Throughout the three-day run, he tried not to take himself too seriously.

"You just go with it," he said. "I'm joking around with my teammates in the dugout about it."

After each hit, his teammates would chime in, "Oh my God, you got another one."

He knew it was going to end at some point, and the hits that stand out are the ones that could have easily produced outs.

Over the weekend, Colvin homered twice, doubled, drove in six runs and scored five times. Through 53 Double-A games this season, he's hitting .286 with nine homers, seven doubles and 26 RBIs.

"I've been in the Southern League for a while and I feel like I'm going along the way I should," said Colvin, who has spent time with the Smokies during each of the last three seasons. "I'm starting to have more consistent at-bats and I'm starting to become a more mature hitter."

Colvin admitted he had no idea he was chasing history until after the game. A reporter asked him if he wanted to know the record and a teammate said, "No, no, no. Don't tell him."

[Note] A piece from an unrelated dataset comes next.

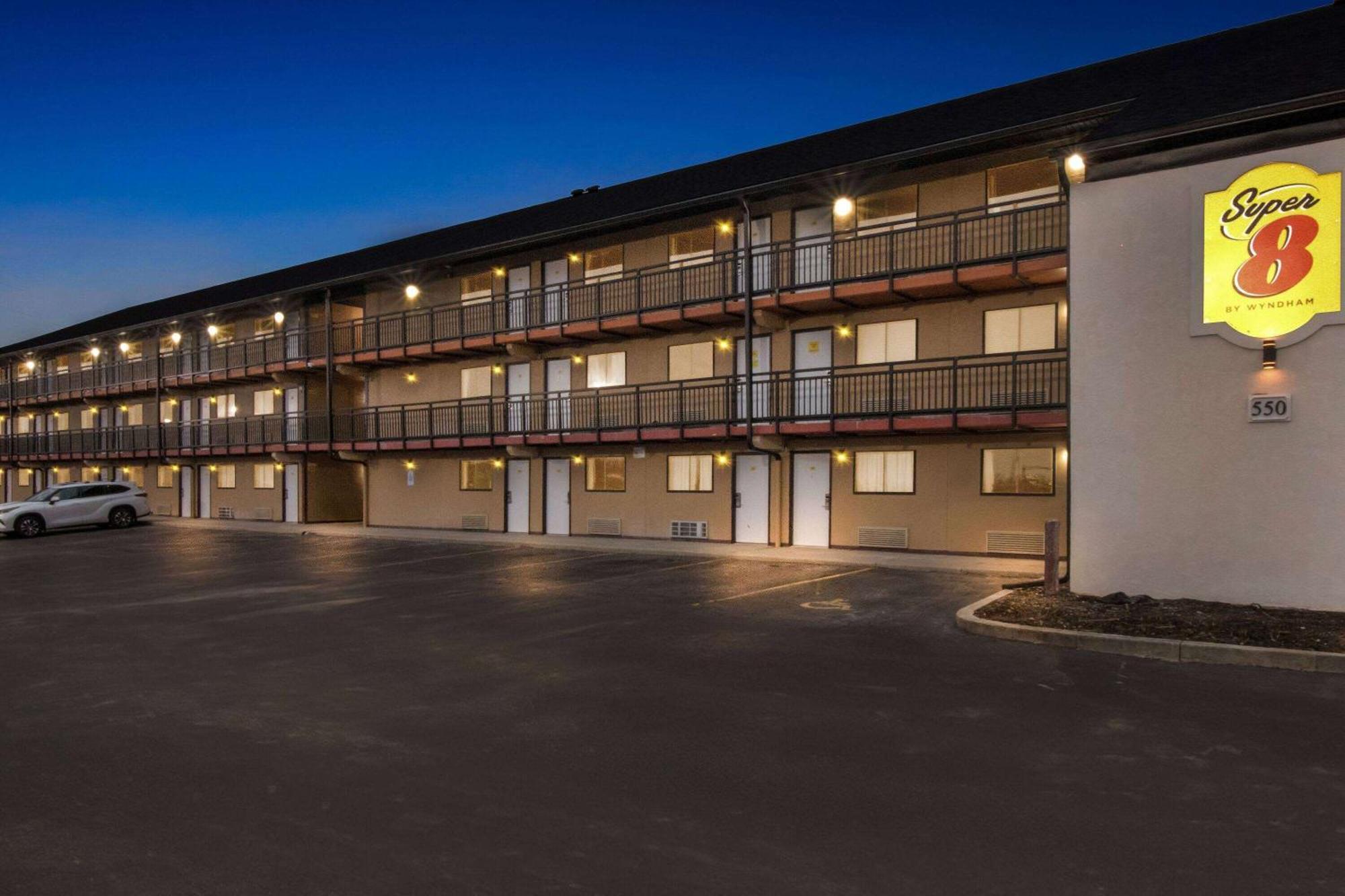 Hotel Super 8 By Wyndham Vandalia/dayton International Airport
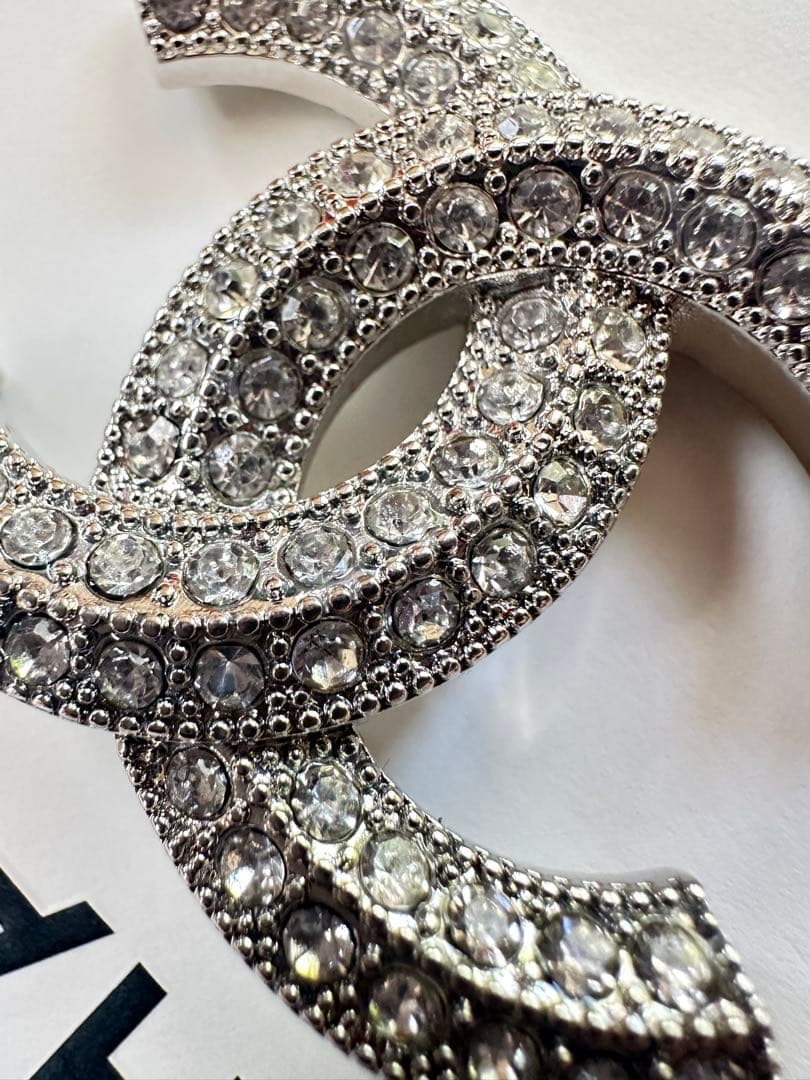 CHANEL CCロゴ ブローチ シルバー ラインストーン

But he found out and insisted he isn't disappointed about having to share the mark.

"To hear after the game, I don't think it would have helped anyway. My name will still be there," he said. "I'm very happy about it and it's sad to see it end, but at least I could get 11."

This story was not subject to the approval of the National Association of Professional Baseball Leagues or its clubs.